How to Have Hard Conversations with Aging Parents
Observing Mom and Dad as they grow older is a poignant experience. When you notice that they are walking slower or becoming more forgetful, it stirs awareness that family life will never be the same again. One day, they may need our help, and these subtle physical and mental changes signal the need to start talking with them about their future well-being.
When is the best time to initiate these tough conversations? Right now— when your parents can make their own decisions and crises aren’t raining down on everyone. Families can avoid many “emergencies” by planning before they occur. Here are some tips to help you navigate the hard-to-talk-about topics.
Let the Experts Do the Talking
We are all aging together. What applies to our parents applies to us adult children simultaneously. Keeping this in mind, an effective conversation door-opener is to invite parents to educational lectures on various aging-related subjects.
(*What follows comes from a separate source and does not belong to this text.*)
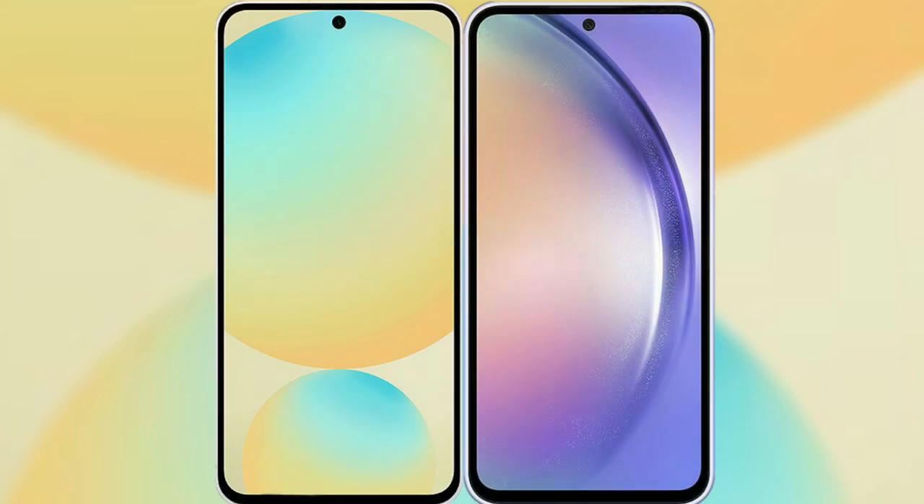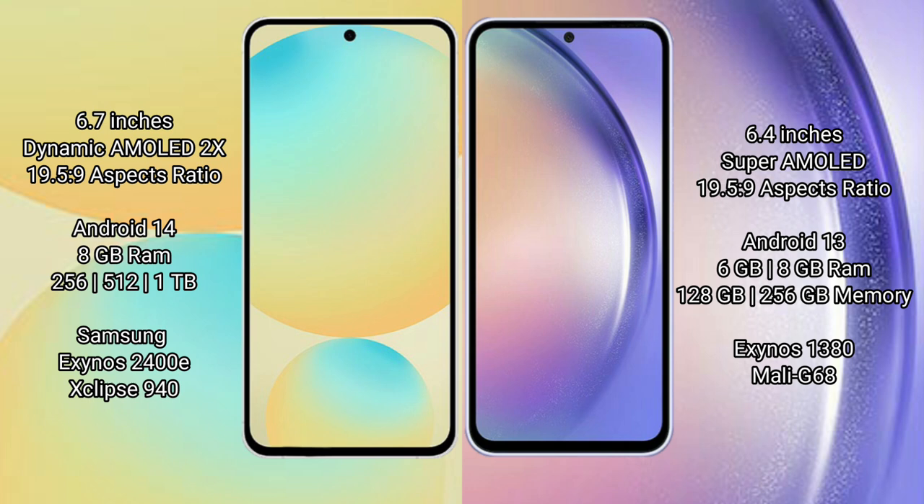I will compare the new Samsung Galaxy S24 FE with Samsung Galaxy A54. Samsung Galaxy S24 FE has a 6.7 inch dynamic AMOLED display with aspect ratio 19.5:9. Samsung Galaxy A54 has a 6.4 inch Super AMOLED display with aspect ratio 19.5:9.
I recently lectured on the CC Young Senior Living Community campus at their life enrichment center. I spoke about financing a longer life, deciding where to live, and securing legal documents. Parents tend to be more open-minded when experts bring up sensitive topics that adult children often find challenging.
Set the Stage for Cooperation
The secret to effective caregiving is trust. When parents feel that their adult children are trustworthy, they tend to be more receptive.
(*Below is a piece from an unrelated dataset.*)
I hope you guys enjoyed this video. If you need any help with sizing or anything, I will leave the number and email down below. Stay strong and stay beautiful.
If you’re apprehensive about starting conversations with your parents, that’s normal. As you adjust your communication approach to fit the current situation, your objective should always be the same: keep your elders involved in their own decision-making.
Here are a few ways to open the dialogue:
Seize the moment
Asking for help is not easy. It takes work, and many people drop hints instead.
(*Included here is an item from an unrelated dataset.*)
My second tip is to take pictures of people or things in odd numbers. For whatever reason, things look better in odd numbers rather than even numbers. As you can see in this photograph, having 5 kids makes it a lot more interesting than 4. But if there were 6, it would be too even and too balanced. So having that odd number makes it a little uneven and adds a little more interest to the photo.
Let’s say that Mom is worried about running out of money, so she might declare, “My neighbor is paying close to $200 a month for groceries!” Any conversations they initiate—especially regarding the subject of money—are an opening for you to start asking questions: “Mom, how would you manage the situation if you were in her shoes? The cost of groceries puts me on a tight budget, too. How do you handle it?”
Plant the seed
Use a newspaper article or online post to jump-start a conversation. Long-term care insurance, for example, is a newsworthy topic.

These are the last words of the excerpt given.